Viele vermeintliche Superfrüchte standen jüngst im Fokus der Komplementärmedizin, in der Hoffnung bei bestimmten Indikationen präventiv und therapiebegleitend von Nutzen sein zu können. Doch kaum eine Frucht erfüllt diese Erwartung so wie die Montmorency-Sauerkirsche und überzeugt dabei durch wissenschaftliche Objektivität. Mit ihrem breiten Spektrum an sekundären Pflanzenstoffen und einem außergewöhnlich hohen Anteil an natürlichem Melatonin gilt die Montmorency-Sauerkirsche als effektives Antioxidans, wirkt entzündungshemmend, schmerzlindernd und schlaffördernd. Diese zentralen Wirkungsweisen der Montmorency-Sauerkirsche wurden in mehr als 50 Studien untersucht und eröffnen eine große Bandbreite therapeutischer Einsatzmöglichkeiten. So senkt die Montmorency-Sauerkirsche den Harnsäurespiegel im Blut und ihr entzündungshemmendes Potential lindert Gichtsymptome und Beschwerden bei Arthritis und Rheuma. Neben Erkrankungen diesen und anderen entzündungsassoziierten Beschwerden wirkt die Montmorency-Sauerkirsche darüber hinaus positiv auf den Cholesterinspiegel. Zu guter Letzt verbessert ihr hoher Gehalt an Melatonin die Schlafqualität und leistet so einen ganzheitlichen Beitrag zu natürlicher Gesundheit.

Montmorency bei Gicht und Harnsäure

Zahlreiche Studien haben gezeigt, dass Montmorency-Sauerkirschen den Harnsäurespiegel im menschlichen Körper und die Produktion von Harnsäure reduzieren können, wodurch das Risiko einer Gichterkrankung gemindert wird.
So hat eine großangelegte Studie der Universität Boston nachgewiesen, dass durch den regelmäßigen Verzehr von Montmorency-Sauerkirschen das Risiko einer Gichtattacke um bis zu 35 Prozent reduziert werden kann. Noch bessere Ergebnisse von bis zu 45 Prozent konnten nach Einnahme eines Sauerkirsch-Konzentrates verzeichnet werden. Studien der Northumbria Universität konnten des Weiteren eine Reduktion der Harnsäurewerte von durchschnittlich 15%, einen Rückgang allgemeiner Entzündungsmarker sowie eine erhöhte Ausscheidung von Harnsäure über die Anregung der Nierentätigkeit feststellen.

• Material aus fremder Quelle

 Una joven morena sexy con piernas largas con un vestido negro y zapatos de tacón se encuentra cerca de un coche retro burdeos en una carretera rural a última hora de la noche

Montmorency bei Arthritis und Rheuma

Krankheiten des rheumatischen Formenkreises, wie Arthritis und Osteoarthritis, treten häufig in Verbindung mit Entzündungsprozessen im Körper auf. Montmorency-Sauerkirschen können helfen diese Entzündungen und die damit verbundenen Schmerzen zu reduzieren. Man führt diesen schmerzlindernden und entzündungshemmenden Effekt auf den hohen Gehalt an sogenannten Anthozyanen (rot-violette Pflanzenfarbstoffe) in Montmorency-Sauerkirschen zurück. Diese sind in der Lage bestimmte mit Schmerz- und Entzündungsreaktionen in Zusammenhang stehende Enzyme zu hemmen und Entzündungen bereits in ihrer Entstehung zu bekämpfen. (Weitere Infos)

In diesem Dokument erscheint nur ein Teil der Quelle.